--- START ---
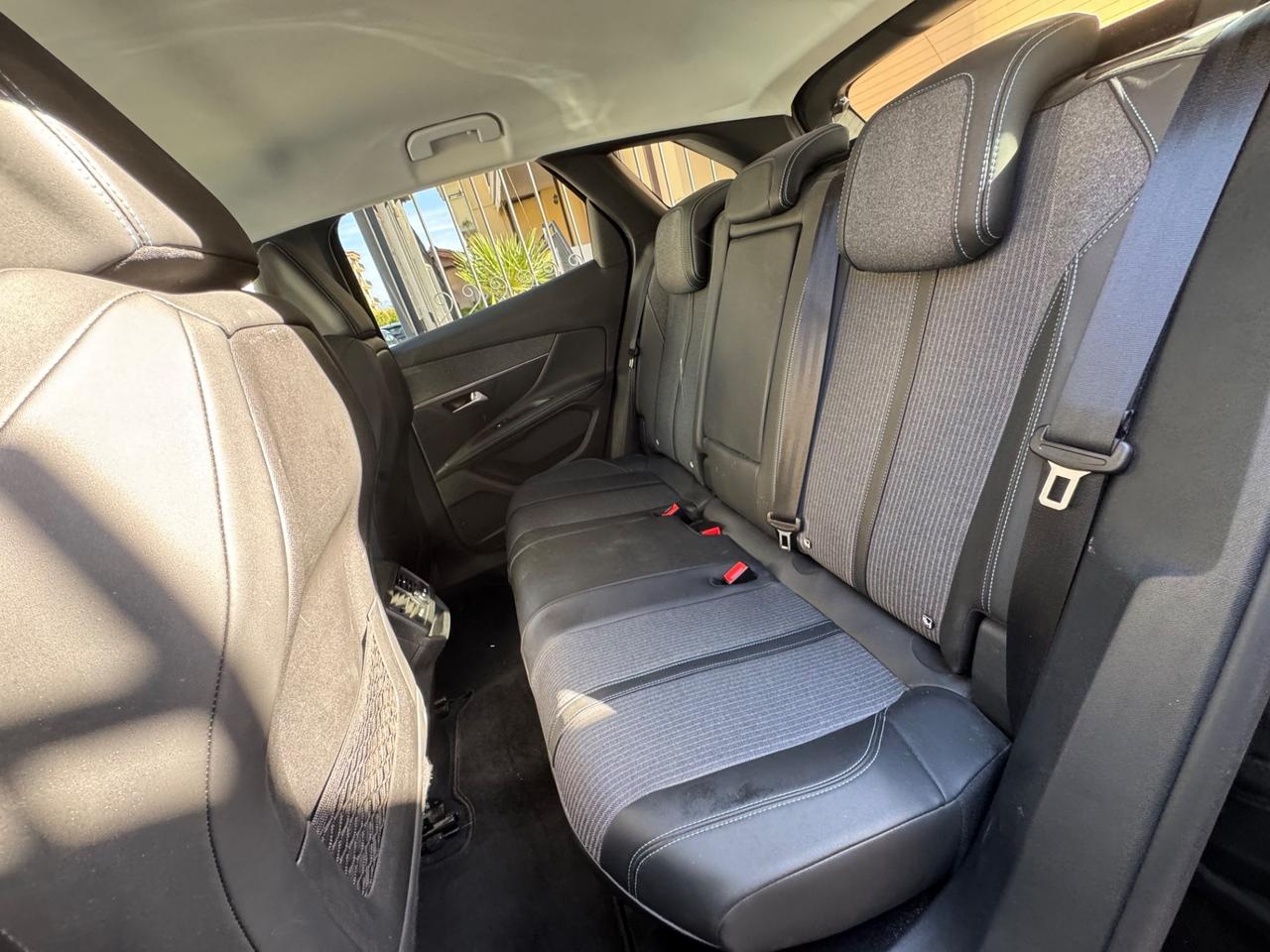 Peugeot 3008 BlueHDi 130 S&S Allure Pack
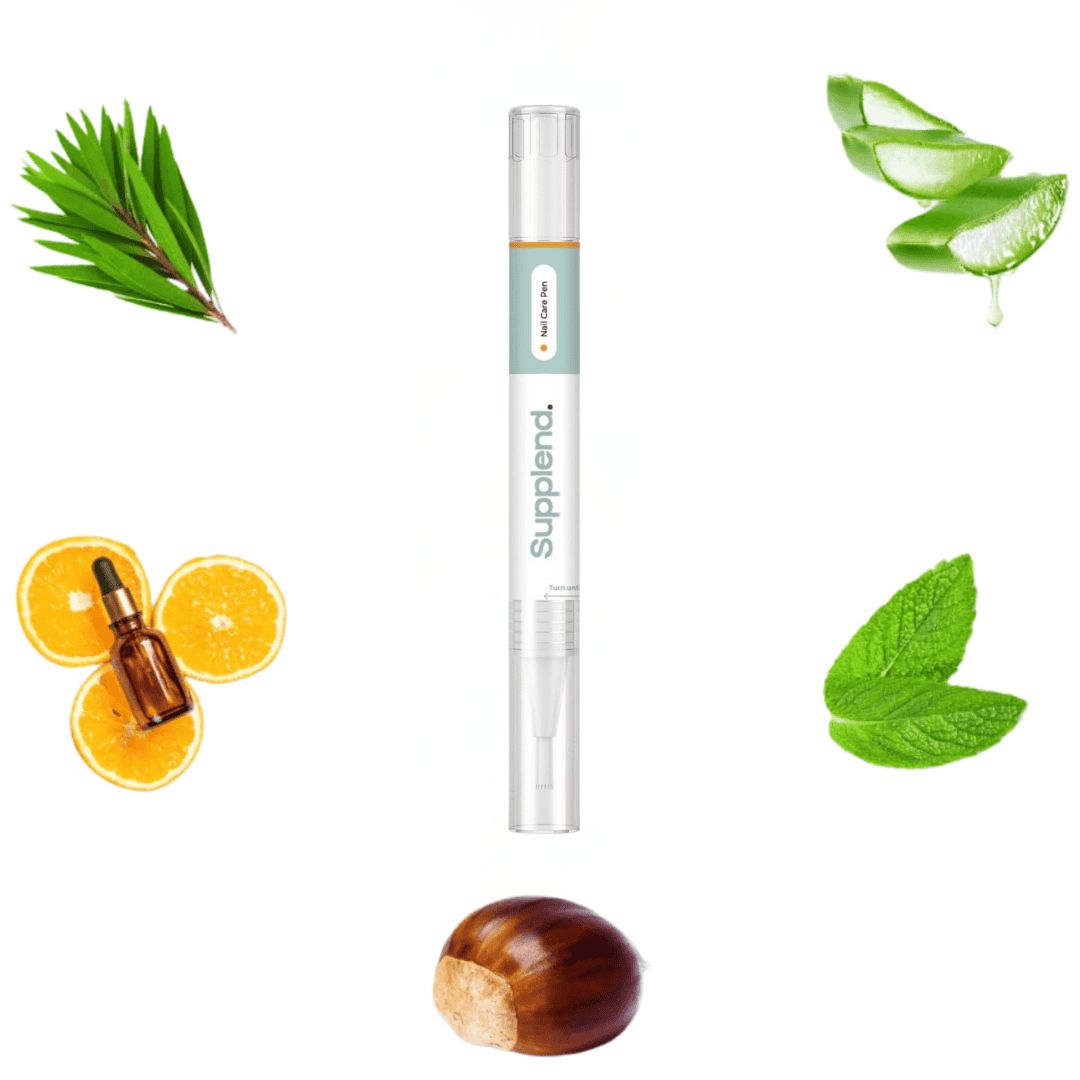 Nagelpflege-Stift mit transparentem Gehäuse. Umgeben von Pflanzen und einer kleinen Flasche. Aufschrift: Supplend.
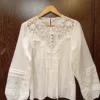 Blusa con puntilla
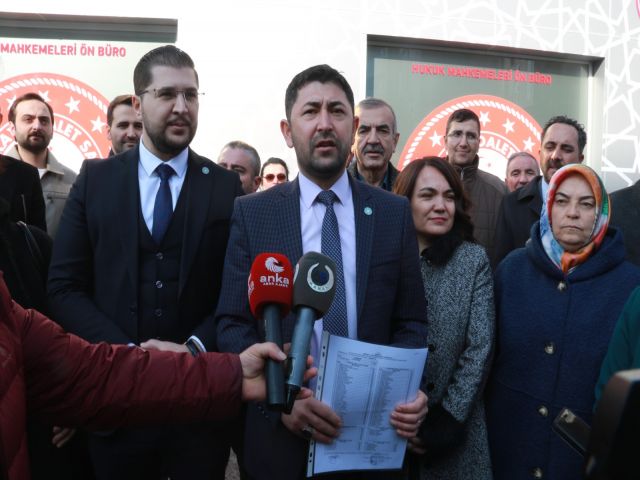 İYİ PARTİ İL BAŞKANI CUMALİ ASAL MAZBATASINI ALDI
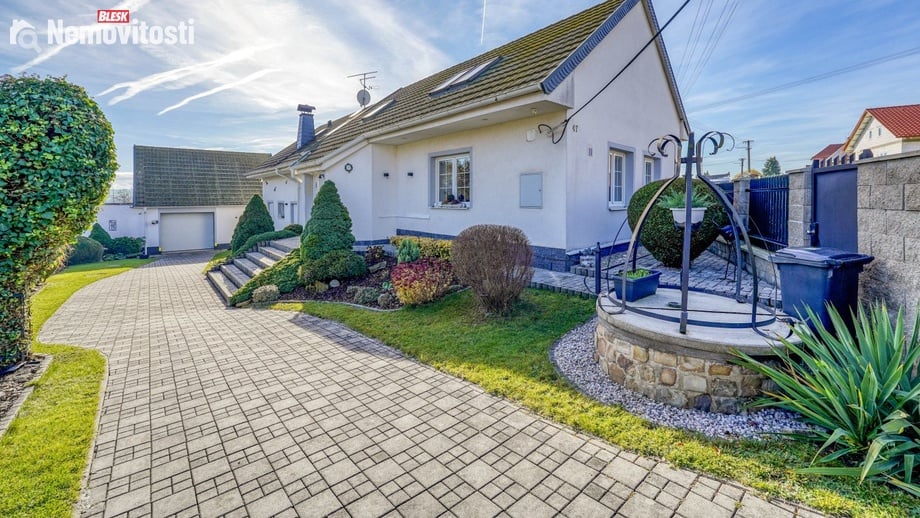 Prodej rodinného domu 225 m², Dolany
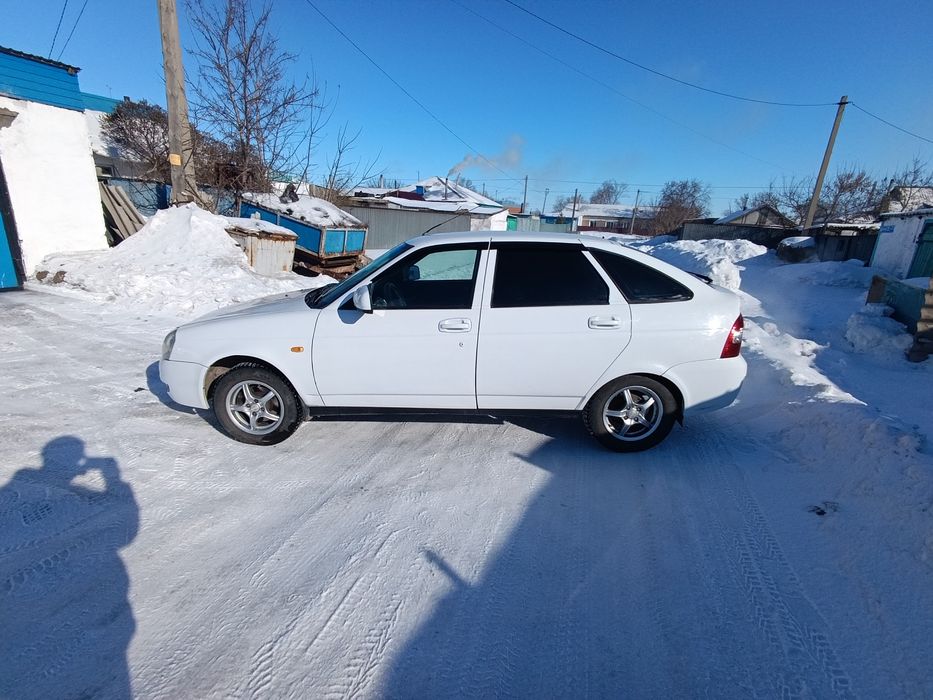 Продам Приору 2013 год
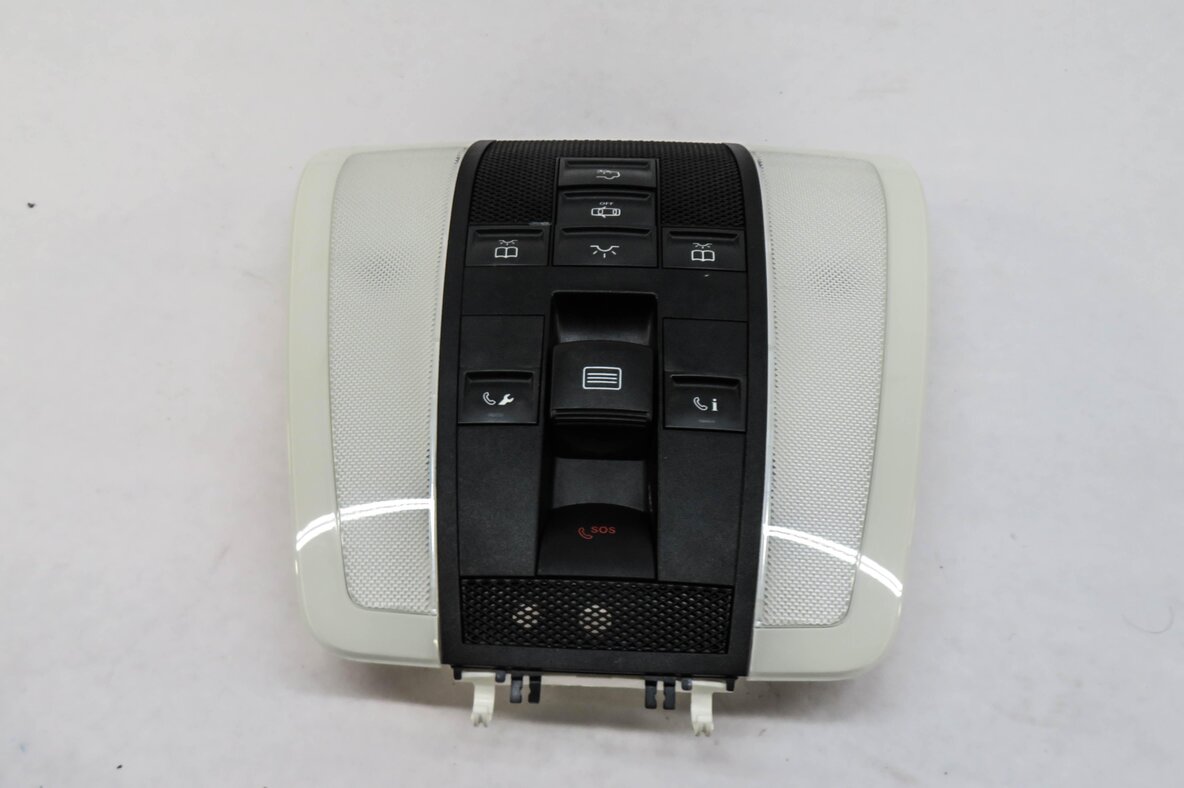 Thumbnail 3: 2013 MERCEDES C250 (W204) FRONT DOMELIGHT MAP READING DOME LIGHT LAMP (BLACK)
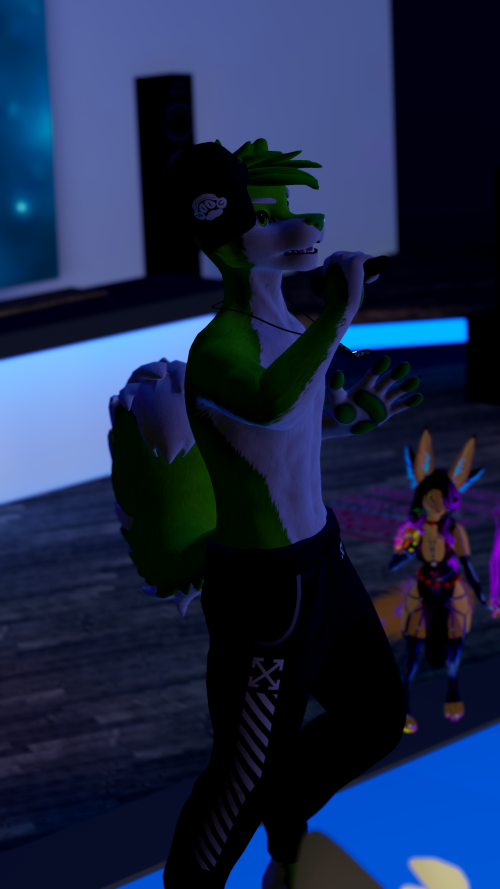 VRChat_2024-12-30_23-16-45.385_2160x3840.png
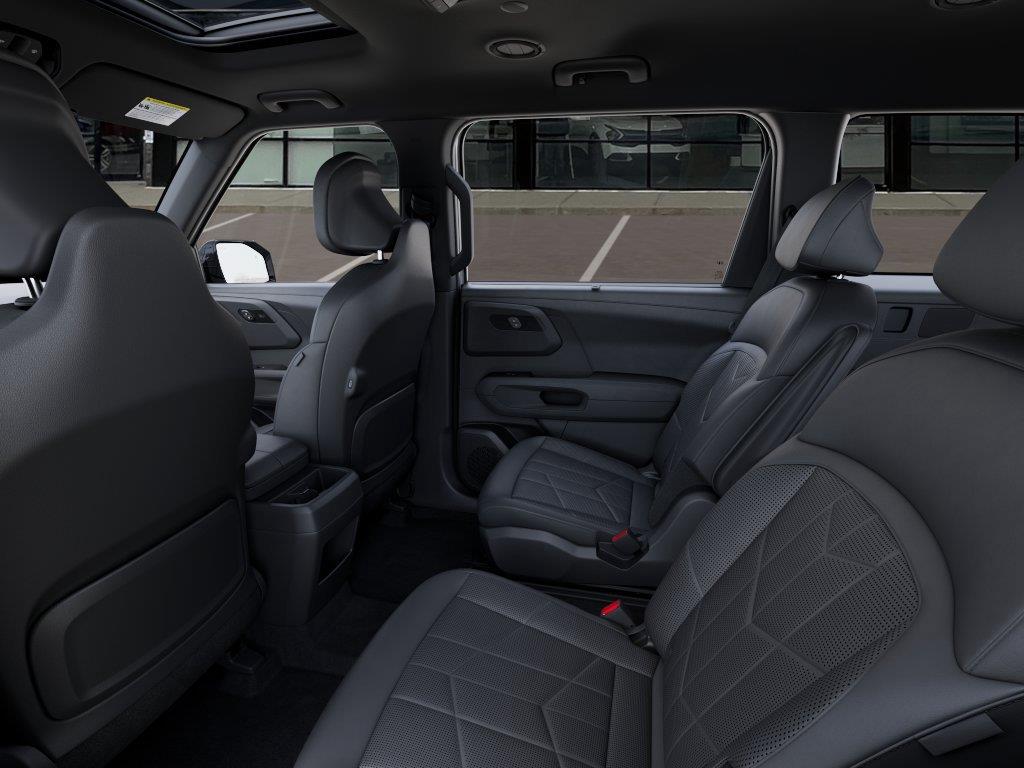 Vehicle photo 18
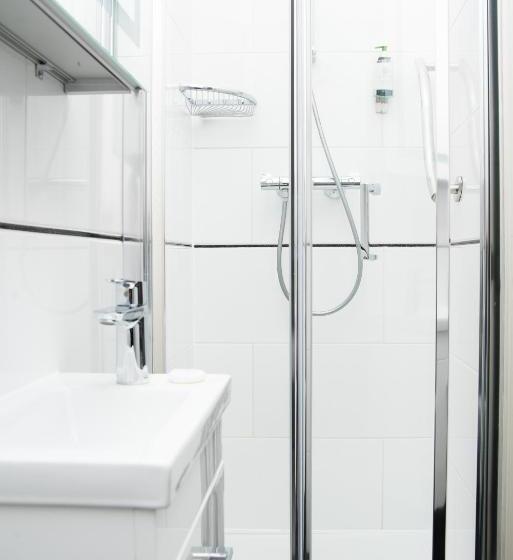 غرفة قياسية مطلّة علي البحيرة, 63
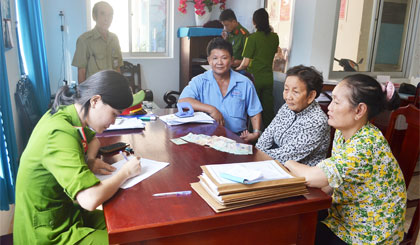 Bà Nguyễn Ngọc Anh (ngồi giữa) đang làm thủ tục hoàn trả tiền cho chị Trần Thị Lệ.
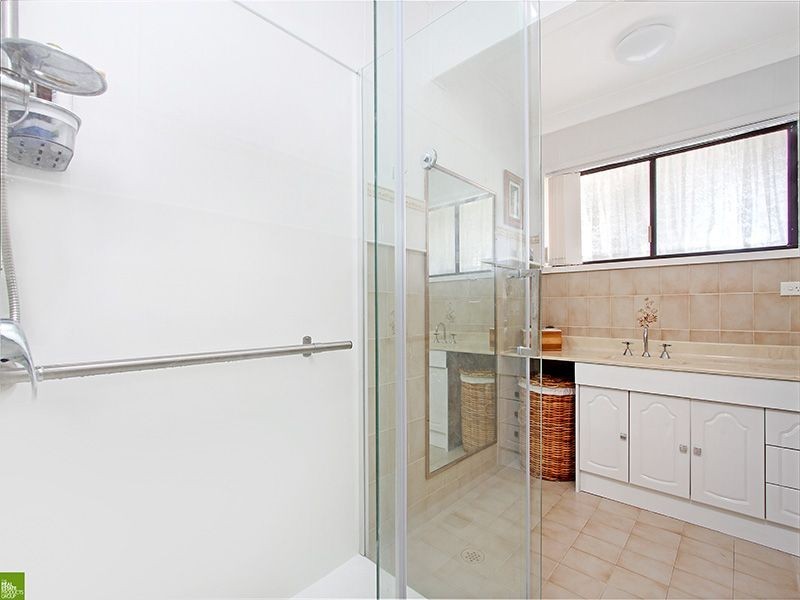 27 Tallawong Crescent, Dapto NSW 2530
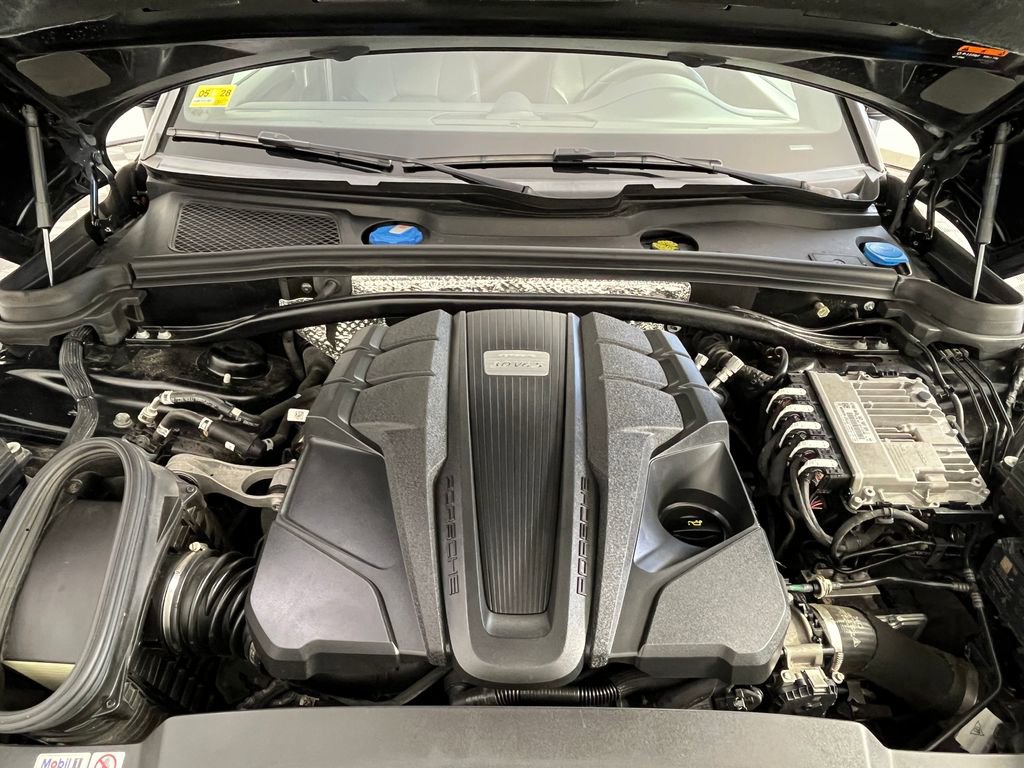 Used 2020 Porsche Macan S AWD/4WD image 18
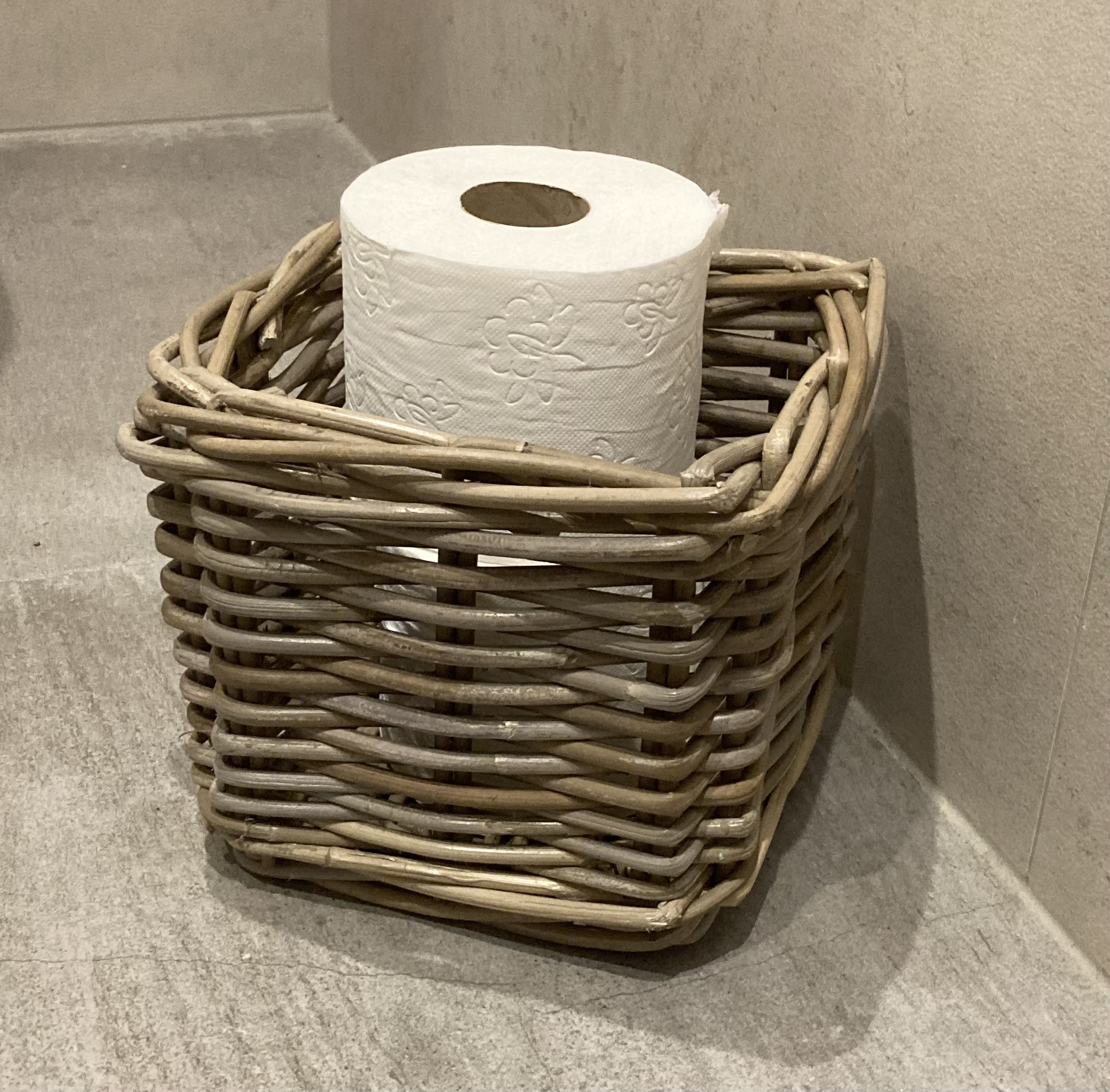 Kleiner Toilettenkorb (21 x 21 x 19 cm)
--- END ---
REQUIREMENT
The answer should consist only of the lines from the line with "İYİ PARTİ İL" through the last line of the data, repeated exactly; pictures stay out.

RESPONSE BOX
 İYİ PARTİ İL BAŞKANI CUMALİ ASAL MAZBATASINI ALDI
 Prodej rodinného domu 225 m², Dolany
 Продам Приору 2013 год
 Thumbnail 3: 2013 MERCEDES C250 (W204) FRONT DOMELIGHT MAP READING DOME LIGHT LAMP (BLACK)
 VRChat_2024-12-30_23-16-45.385_2160x3840.png
 Vehicle photo 18
 غرفة قياسية مطلّة علي البحيرة, 63
 Bà Nguyễn Ngọc Anh (ngồi giữa) đang làm thủ tục hoàn trả tiền cho chị Trần Thị Lệ.
 27 Tallawong Crescent, Dapto NSW 2530
 Used 2020 Porsche Macan S AWD/4WD image 18
 Kleiner Toilettenkorb (21 x 21 x 19 cm)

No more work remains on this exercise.